**Exercise objective**.
Report, as a single figure, how many lines in the records below include "Augmentation".

**Provided data**.
========

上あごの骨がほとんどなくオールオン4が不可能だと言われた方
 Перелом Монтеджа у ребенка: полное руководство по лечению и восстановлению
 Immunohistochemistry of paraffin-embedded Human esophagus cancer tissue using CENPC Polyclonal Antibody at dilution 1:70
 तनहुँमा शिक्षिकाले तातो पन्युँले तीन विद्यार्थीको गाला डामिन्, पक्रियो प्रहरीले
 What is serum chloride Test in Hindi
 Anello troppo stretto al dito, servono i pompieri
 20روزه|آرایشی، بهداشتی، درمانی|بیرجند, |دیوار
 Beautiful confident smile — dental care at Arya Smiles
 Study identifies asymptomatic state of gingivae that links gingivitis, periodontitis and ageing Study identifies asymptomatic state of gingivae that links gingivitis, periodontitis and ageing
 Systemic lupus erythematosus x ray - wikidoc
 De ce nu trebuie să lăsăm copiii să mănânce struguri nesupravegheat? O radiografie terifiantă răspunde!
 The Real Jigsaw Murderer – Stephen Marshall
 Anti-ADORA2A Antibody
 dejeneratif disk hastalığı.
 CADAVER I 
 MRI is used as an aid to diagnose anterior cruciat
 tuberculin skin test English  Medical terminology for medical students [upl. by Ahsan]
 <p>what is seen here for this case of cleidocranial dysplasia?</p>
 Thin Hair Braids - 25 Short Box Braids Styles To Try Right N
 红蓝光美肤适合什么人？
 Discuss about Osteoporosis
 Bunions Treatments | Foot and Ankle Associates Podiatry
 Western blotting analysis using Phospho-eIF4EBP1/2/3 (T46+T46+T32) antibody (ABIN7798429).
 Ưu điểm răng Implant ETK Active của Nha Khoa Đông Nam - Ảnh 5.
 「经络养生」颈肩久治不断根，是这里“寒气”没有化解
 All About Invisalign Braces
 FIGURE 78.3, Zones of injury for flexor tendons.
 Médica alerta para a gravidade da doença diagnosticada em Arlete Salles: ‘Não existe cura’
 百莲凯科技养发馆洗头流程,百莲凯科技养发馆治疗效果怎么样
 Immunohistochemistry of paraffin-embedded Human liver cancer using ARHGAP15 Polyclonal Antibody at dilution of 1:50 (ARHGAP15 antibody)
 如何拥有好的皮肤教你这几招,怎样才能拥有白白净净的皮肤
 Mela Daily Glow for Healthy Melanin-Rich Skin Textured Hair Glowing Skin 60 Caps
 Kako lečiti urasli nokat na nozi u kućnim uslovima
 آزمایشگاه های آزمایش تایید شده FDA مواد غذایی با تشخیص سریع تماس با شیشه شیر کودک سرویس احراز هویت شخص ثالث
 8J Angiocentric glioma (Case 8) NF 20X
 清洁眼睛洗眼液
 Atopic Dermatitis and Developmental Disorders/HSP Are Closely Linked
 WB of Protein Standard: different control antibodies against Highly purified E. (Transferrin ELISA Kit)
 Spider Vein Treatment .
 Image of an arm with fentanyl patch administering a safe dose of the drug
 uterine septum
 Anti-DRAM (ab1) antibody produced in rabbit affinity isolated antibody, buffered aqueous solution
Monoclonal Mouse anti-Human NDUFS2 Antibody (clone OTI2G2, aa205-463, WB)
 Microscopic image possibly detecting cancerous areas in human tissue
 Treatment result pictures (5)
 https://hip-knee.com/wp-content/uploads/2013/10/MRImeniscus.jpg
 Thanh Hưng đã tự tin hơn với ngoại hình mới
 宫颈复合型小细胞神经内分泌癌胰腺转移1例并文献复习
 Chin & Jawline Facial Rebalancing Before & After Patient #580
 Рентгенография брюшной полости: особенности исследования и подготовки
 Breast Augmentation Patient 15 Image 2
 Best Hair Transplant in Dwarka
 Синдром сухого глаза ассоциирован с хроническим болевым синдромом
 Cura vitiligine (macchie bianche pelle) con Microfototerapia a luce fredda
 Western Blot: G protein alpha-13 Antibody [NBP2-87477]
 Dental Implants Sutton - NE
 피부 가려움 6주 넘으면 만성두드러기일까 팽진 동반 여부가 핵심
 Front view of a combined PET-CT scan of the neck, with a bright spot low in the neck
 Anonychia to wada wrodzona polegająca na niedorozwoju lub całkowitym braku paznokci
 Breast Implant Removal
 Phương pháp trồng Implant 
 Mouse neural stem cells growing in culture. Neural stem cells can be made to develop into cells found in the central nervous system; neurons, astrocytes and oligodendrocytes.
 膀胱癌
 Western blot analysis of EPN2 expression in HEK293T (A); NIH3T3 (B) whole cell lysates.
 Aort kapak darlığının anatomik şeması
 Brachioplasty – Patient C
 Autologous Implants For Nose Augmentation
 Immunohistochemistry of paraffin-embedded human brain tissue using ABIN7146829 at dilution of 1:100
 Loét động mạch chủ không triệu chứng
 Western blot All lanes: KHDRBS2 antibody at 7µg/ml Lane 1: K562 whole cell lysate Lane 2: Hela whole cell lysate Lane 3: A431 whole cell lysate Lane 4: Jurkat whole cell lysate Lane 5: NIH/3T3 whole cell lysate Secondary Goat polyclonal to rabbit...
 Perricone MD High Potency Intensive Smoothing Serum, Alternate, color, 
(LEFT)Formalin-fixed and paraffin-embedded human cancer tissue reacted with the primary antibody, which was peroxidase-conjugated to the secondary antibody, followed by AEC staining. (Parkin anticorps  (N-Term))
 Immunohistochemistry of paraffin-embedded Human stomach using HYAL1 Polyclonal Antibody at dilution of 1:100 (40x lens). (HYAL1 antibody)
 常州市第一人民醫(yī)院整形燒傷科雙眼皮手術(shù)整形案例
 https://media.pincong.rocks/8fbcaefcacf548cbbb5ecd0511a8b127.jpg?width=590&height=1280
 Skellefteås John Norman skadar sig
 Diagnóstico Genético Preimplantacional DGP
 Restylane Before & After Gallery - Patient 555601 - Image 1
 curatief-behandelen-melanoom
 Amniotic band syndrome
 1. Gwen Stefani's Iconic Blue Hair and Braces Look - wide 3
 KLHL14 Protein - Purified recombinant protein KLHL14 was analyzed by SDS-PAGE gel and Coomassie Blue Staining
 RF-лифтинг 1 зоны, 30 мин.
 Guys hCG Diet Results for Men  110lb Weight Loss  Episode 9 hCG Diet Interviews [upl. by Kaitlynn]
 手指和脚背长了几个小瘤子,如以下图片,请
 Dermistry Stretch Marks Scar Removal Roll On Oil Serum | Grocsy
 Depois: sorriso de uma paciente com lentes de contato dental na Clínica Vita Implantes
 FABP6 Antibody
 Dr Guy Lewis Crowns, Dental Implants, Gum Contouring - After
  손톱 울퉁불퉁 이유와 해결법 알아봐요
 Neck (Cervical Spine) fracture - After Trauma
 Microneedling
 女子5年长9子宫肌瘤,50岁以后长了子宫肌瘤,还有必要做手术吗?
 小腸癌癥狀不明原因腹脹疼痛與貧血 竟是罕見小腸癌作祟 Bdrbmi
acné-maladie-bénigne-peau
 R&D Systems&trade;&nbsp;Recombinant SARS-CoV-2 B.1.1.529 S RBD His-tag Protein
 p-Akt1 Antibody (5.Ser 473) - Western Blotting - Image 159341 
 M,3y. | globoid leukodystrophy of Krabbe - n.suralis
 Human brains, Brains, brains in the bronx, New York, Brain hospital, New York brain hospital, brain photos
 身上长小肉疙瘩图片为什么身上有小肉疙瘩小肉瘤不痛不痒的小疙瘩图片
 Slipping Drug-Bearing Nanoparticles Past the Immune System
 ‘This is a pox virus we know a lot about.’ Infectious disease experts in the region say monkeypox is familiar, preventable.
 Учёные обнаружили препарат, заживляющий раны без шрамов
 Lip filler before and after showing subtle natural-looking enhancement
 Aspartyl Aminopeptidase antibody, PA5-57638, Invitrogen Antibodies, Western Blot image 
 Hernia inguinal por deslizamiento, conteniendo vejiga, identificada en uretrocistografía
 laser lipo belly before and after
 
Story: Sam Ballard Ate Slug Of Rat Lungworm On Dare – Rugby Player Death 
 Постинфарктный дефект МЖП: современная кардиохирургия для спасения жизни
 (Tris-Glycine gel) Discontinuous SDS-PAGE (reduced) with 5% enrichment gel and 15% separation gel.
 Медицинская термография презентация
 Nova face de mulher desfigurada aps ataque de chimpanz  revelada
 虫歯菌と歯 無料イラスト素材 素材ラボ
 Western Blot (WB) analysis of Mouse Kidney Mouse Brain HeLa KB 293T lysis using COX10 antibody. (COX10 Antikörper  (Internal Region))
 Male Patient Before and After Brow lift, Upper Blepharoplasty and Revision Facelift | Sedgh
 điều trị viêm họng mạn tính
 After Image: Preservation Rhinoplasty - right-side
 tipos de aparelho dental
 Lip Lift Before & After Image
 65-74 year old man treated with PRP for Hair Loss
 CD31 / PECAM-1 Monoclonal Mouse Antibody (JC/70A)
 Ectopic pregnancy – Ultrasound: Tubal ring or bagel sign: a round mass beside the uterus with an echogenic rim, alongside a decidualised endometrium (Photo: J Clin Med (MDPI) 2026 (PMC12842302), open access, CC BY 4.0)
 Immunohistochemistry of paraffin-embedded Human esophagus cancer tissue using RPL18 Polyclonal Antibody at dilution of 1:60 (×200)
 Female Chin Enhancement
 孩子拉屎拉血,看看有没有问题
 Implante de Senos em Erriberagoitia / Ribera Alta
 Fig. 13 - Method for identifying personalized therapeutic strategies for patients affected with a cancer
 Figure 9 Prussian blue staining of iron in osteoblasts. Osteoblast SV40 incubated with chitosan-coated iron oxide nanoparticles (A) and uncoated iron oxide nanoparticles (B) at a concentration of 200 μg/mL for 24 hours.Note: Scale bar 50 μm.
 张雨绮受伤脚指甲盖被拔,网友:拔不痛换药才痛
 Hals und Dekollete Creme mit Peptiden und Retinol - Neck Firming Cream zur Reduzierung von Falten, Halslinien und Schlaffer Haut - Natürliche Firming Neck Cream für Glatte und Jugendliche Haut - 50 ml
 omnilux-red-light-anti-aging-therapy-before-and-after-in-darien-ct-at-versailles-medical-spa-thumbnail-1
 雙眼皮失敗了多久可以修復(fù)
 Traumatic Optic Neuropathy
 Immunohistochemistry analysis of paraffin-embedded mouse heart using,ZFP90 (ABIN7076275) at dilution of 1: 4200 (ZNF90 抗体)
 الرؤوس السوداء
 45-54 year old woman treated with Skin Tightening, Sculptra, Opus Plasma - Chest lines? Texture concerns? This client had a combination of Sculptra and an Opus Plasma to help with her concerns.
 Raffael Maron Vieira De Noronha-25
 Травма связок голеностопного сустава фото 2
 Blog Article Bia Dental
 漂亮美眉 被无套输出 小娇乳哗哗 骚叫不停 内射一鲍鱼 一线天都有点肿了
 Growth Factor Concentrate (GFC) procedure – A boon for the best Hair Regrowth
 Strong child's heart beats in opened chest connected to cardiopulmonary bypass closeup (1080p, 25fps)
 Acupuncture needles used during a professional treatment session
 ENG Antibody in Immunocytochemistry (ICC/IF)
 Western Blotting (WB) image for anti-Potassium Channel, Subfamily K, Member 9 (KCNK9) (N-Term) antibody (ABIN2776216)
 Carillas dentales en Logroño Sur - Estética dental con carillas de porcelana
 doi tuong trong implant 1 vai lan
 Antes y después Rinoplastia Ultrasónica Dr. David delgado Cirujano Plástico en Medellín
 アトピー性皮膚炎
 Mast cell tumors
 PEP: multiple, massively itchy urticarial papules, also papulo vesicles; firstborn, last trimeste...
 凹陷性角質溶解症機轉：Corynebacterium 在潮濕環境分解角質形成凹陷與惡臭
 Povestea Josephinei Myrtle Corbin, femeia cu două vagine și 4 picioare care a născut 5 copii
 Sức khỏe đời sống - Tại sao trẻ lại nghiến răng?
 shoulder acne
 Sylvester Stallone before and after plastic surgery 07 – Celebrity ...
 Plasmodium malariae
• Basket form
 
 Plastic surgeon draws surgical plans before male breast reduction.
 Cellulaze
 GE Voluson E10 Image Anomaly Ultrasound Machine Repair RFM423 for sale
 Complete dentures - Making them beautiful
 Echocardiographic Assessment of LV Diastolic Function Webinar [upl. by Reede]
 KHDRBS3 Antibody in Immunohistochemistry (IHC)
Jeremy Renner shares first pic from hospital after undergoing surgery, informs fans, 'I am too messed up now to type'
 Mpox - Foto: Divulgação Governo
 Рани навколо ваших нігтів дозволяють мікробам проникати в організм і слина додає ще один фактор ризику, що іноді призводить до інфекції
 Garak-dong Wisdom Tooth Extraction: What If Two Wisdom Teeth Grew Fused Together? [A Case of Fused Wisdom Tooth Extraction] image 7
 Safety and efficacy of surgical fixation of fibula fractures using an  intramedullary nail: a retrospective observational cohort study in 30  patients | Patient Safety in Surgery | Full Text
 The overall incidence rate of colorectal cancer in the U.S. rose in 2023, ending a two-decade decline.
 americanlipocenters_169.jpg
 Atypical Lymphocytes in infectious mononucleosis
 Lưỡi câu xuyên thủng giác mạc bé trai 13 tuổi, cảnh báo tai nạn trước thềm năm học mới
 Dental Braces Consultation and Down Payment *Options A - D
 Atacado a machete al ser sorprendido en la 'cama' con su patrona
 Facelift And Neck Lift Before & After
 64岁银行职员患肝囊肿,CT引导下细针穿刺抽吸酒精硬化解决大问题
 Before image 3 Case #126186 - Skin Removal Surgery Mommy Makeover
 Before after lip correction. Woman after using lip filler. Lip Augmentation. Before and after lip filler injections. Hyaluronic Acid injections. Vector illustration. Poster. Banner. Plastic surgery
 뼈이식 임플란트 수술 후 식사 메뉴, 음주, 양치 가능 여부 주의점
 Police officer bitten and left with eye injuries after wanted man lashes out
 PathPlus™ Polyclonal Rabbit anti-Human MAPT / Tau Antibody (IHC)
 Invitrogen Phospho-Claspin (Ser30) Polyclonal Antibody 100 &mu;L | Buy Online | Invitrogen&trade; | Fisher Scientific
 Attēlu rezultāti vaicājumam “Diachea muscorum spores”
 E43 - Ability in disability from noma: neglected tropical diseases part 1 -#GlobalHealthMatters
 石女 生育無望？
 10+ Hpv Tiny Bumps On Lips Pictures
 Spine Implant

========

**Answer box**.
3